**Work request**
Write out exactly, and only, the lines below from the line with "SADDLEMEN Tour Step-Up" through the line with "Respirateur de soudage"; pictures do not belong in the copy.

##### Input data

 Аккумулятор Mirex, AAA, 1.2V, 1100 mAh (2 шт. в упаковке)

##########
##### Input data

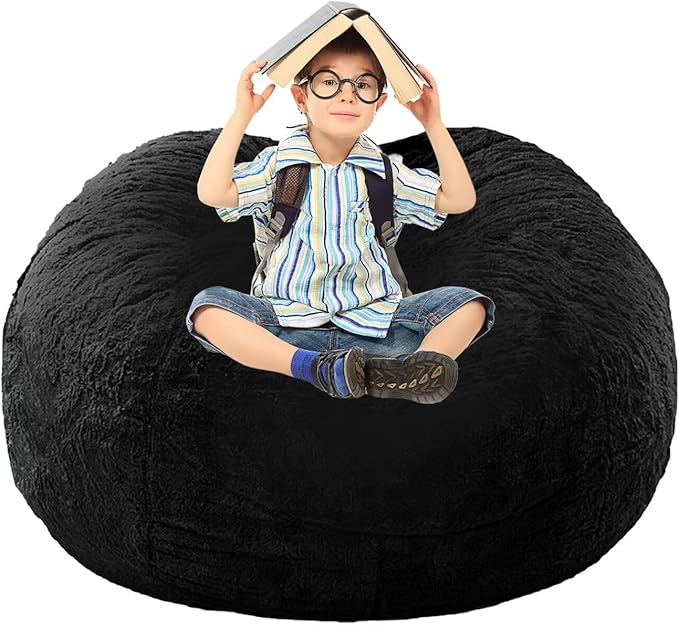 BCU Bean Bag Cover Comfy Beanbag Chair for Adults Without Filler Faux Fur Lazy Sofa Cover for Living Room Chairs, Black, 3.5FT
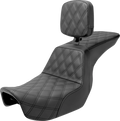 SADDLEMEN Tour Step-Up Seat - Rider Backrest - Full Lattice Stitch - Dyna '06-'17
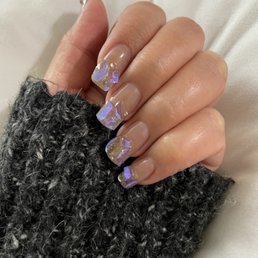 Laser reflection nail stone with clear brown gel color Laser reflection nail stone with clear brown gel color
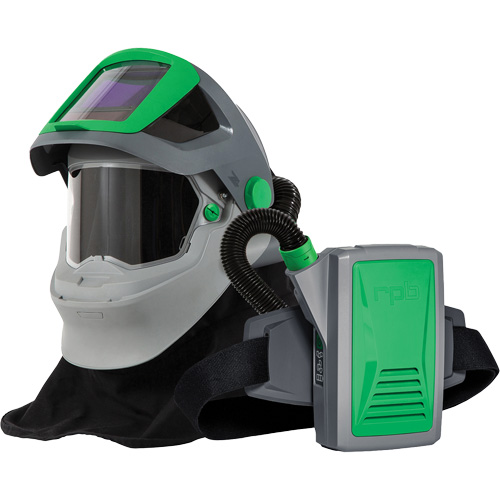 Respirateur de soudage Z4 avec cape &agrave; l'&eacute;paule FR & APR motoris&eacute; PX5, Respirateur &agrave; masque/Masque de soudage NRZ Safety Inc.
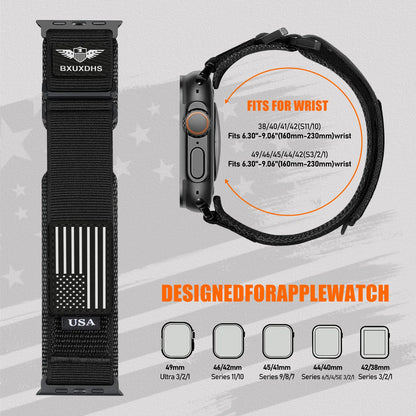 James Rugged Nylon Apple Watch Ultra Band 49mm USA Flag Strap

##########
##### Input data

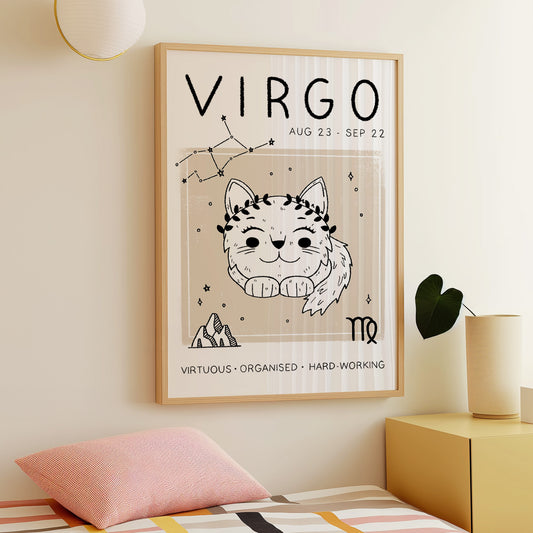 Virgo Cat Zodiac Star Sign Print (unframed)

##########

**Your response**
 SADDLEMEN Tour Step-Up Seat - Rider Backrest - Full Lattice Stitch - Dyna '06-'17
 Laser reflection nail stone with clear brown gel color Laser reflection nail stone with clear brown gel color
 Respirateur de soudage Z4 avec cape &agrave; l'&eacute;paule FR & APR motoris&eacute; PX5, Respirateur &agrave; masque/Masque de soudage NRZ Safety Inc.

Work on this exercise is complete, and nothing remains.